(Beginning of Data shown)

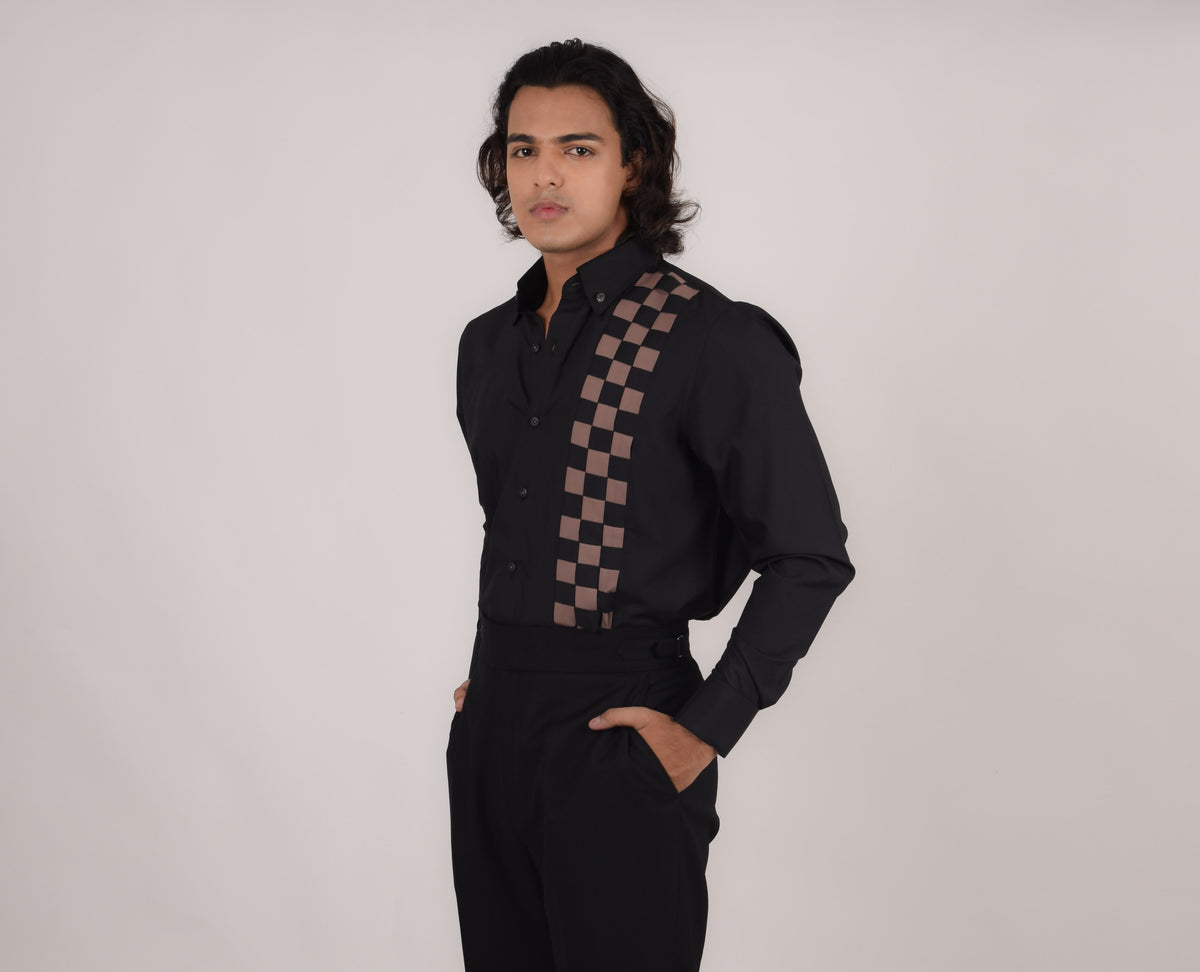 Basket Weave Shirt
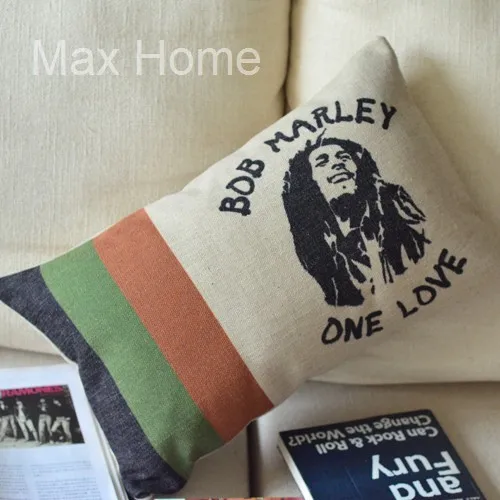 Бесплатная доставка 20 &quot ямайка флаг и боб марли регги старинные белье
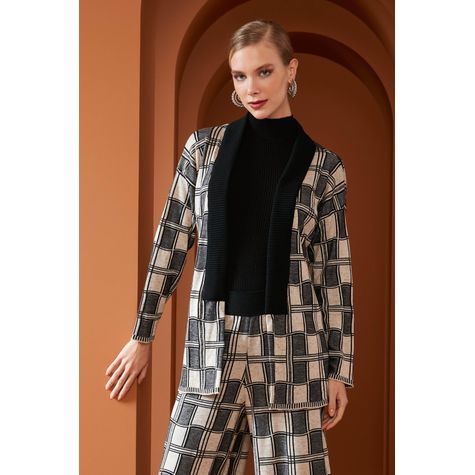 Cardigan Modernidade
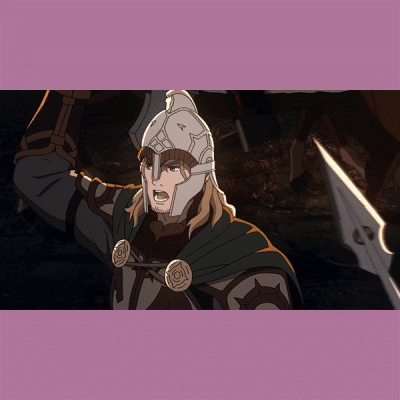 Lord of the Rings - The War of the Rohirrim - Haleth - Benjamin Wainwright - Pioneer Signings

(End of Data shown)

• **Assignment**
Give back the material word for word, leaving out its pictures.

• **Solution to this exercise**
 Basket Weave Shirt
 Бесплатная доставка 20 &quot ямайка флаг и боб марли регги старинные белье
 Cardigan Modernidade
 Lord of the Rings - The War of the Rohirrim - Haleth - Benjamin Wainwright - Pioneer Signings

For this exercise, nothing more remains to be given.